Data provided below:

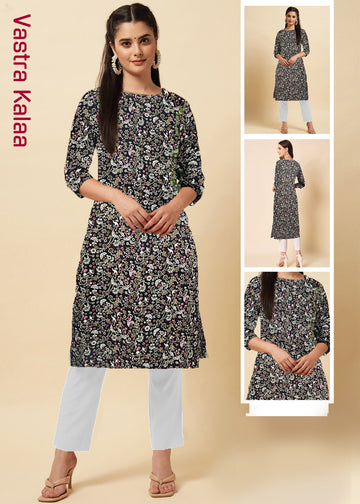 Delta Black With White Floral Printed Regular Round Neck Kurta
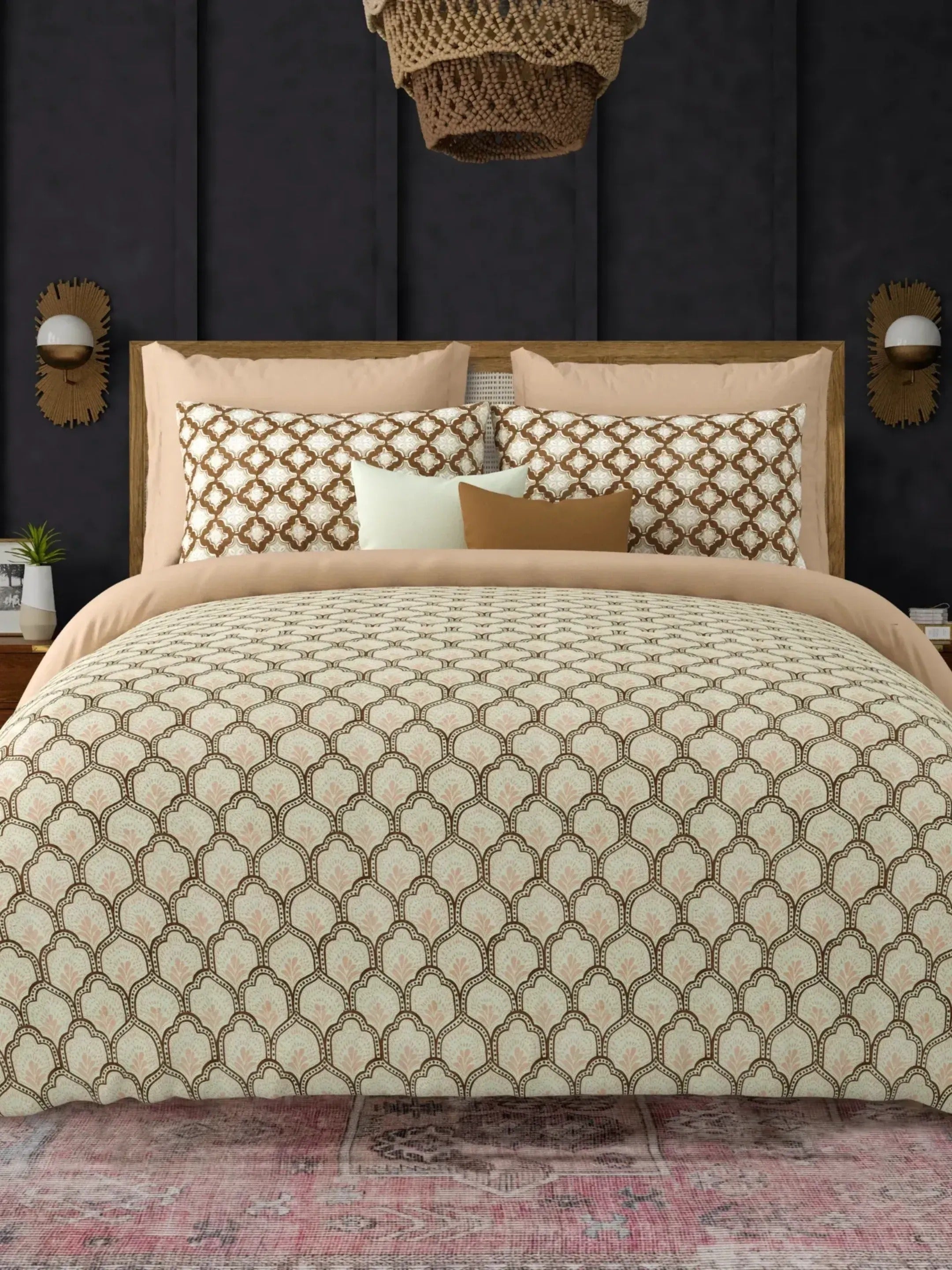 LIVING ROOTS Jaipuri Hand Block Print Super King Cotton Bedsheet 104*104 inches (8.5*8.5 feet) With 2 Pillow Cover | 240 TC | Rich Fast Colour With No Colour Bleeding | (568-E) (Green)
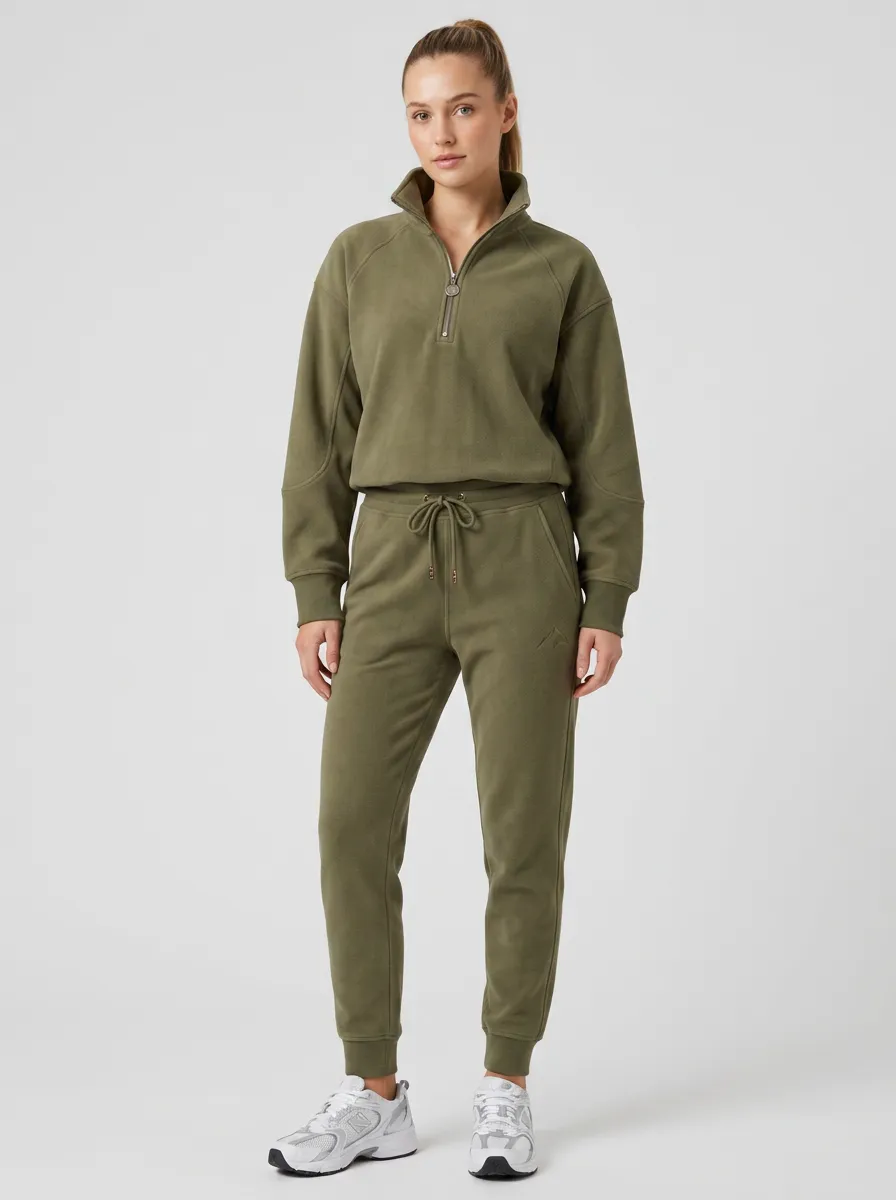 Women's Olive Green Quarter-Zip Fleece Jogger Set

End of Data provided.
Data provided below:

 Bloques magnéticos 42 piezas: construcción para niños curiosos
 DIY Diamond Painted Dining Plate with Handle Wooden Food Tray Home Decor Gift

End of Data provided.
Data provided below:

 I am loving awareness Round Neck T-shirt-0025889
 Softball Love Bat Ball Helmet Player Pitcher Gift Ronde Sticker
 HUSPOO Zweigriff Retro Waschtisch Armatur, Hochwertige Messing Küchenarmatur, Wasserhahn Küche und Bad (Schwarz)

End of Data provided.

**About this exercise**
Among the records above, a stretch begins at the line containing "I am loving" and ends at the line containing "HUSPOO Zweigriff Retro". Restate that stretch word for word, and nothing else.

**Expected output**
 I am loving awareness Round Neck T-shirt-0025889
 Softball Love Bat Ball Helmet Player Pitcher Gift Ronde Sticker
 HUSPOO Zweigriff Retro Waschtisch Armatur, Hochwertige Messing Küchenarmatur, Wasserhahn Küche und Bad (Schwarz)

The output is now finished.